* _Provided material_
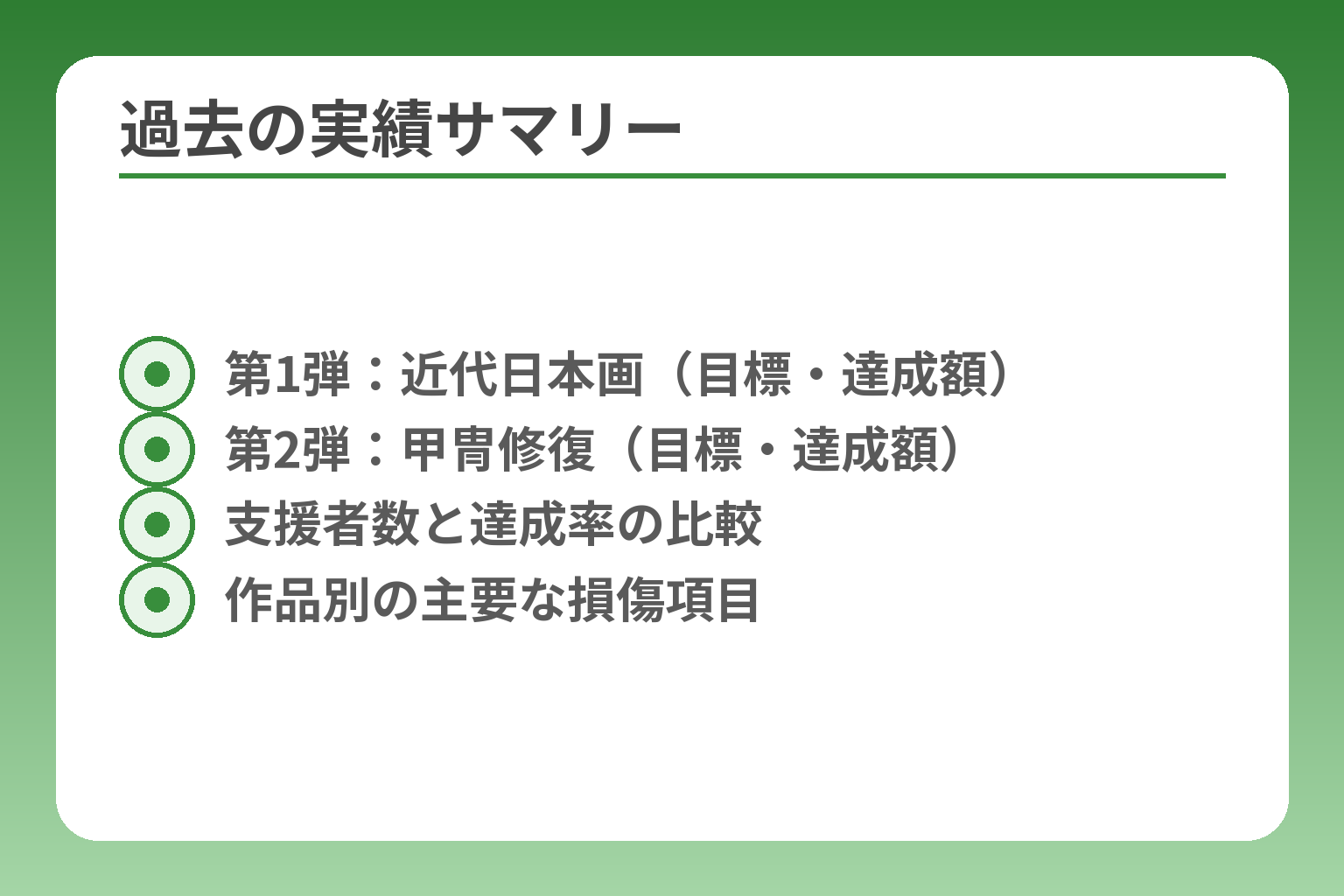 過去の実績サマリー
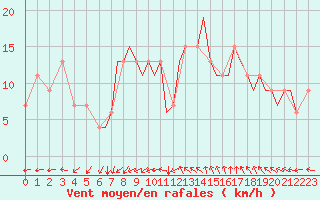 Courbe de la force du vent pour Bournemouth (UK)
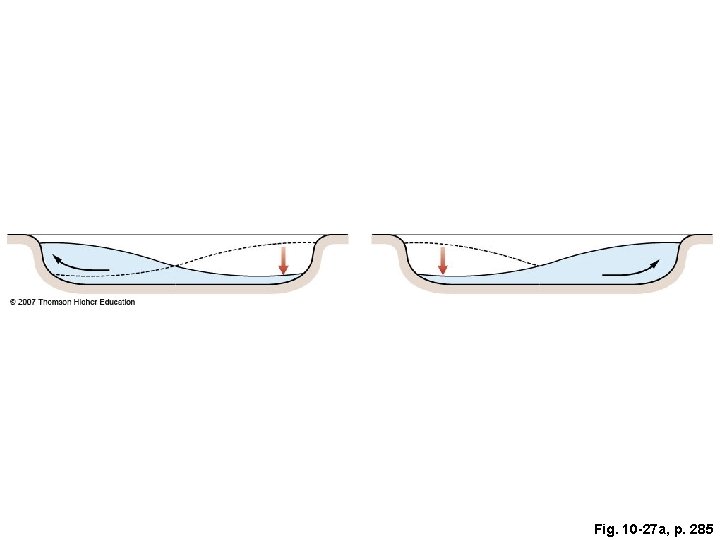 Fig. 10 -27 a, p. 285 Fig. 10 -27 a, p. 285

* _What is needed_
The material above is to be transcribed exactly, with its images omitted.

* _Solved problem_
 過去の実績サマリー
 Courbe de la force du vent pour Bournemouth (UK)
 Fig. 10 -27 a, p. 285 Fig. 10 -27 a, p. 285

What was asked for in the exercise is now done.